They were cited by motoring journalists as an example of the thrills to be found in driving slow cars quickly
The Triumph Spitfire 1500, according to the original brochure, is a true sports car whose classic lines express “the harmony of power and grace which is the car’s hallmark.” The brochure boasted that the 1,493-cc engine is strict on fuel but generous on power. Developing 71 bhp at 5,500 rpm, “the sharp, confident acceleration can take you up to the 100-mph mark,” while the optional overdrive is reported to allow 50 mpg.
There’s no question about it, any car that only shows 35 original miles on the odometer can be considered brand new. On top of this, it’s also the last of its kind, as Triumph ceased production of the Spitfire in 1980. This car stayed in the hands of a Triumph dealer for many years.
Finished in white with a black-and-white interior, this car is equipped with factory overdrive, a luggage rack, and is complete with its original Certificate of Origin, invoice from Triumph to the selling dealer, and a letter to the dealer (dated 1985) with regard to a warranty claim.
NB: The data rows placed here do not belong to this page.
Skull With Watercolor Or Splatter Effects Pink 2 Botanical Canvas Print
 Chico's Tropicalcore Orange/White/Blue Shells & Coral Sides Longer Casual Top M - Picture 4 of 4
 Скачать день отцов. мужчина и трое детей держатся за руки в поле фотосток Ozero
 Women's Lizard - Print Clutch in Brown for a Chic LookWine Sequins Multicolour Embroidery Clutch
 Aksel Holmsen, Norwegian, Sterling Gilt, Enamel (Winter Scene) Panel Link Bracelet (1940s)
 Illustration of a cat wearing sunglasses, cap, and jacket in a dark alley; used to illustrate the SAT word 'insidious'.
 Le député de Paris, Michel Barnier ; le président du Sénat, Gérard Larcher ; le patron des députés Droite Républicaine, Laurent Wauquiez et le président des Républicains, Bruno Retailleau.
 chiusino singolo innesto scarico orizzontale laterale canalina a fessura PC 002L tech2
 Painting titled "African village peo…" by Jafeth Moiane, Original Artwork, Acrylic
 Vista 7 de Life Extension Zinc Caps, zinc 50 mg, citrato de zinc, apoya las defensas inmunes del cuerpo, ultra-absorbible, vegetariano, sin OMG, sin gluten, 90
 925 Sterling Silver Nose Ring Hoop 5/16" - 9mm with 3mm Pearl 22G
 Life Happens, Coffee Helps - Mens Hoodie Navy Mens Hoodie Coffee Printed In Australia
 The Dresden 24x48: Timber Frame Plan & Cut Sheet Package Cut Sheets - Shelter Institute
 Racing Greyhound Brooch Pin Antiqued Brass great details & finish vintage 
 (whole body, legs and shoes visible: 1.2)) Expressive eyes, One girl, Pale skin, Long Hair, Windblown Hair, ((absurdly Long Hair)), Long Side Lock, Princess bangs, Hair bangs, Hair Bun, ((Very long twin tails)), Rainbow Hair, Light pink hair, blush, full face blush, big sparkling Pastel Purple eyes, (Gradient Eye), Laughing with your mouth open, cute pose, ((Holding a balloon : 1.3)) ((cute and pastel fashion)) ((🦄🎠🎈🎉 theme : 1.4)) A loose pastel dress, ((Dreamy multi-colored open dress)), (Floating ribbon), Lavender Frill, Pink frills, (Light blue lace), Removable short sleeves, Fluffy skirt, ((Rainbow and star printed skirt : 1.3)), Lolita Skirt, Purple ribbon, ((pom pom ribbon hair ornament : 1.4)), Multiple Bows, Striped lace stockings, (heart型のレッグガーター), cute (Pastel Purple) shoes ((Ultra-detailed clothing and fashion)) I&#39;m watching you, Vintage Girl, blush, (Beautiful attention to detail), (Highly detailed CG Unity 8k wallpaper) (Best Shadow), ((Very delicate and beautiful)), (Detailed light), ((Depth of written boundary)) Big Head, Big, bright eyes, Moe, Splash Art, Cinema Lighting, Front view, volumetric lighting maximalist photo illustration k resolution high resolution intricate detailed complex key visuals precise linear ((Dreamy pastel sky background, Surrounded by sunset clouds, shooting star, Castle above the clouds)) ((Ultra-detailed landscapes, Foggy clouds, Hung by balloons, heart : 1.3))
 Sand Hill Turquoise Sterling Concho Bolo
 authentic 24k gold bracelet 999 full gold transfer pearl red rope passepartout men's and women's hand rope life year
The 1980 Triumph Spitfire 1500 features essentially brand-new all-around independent suspension, positive and accurate rack-and-pinion steering, radial tires, and an anti-roll bar on the front. The nine-inch disc brakes in the front and drums to the rear were barely used; in fact, over the course of 35 miles, one could probably guess the brake pedal was depressed a few dozen times.
Contoured seats with headrests are faced in hounds-tooth-patterned brushed-nylon fabric, and interior appointments include a walnut veneer fascia on the dashboard, pile carpet, front parcel shelves, and a center armrest. A cigar lighter, a padded steering wheel, and a two-speed electric windshield wiper round out the amenities.
“The Spitfire has performance, it has style. It is economical and robust. It has impeccable road manners, which come from the proud traditions of the Triumph sports car, a pedigree which assures you of technical excellence and reliability with styling and appointments to appeal to the individualist.”
This is what car collecting is all about, as this Spitfire represents a time machine from Triumph showrooms in 1980, a car for any collection and worthy of a museum.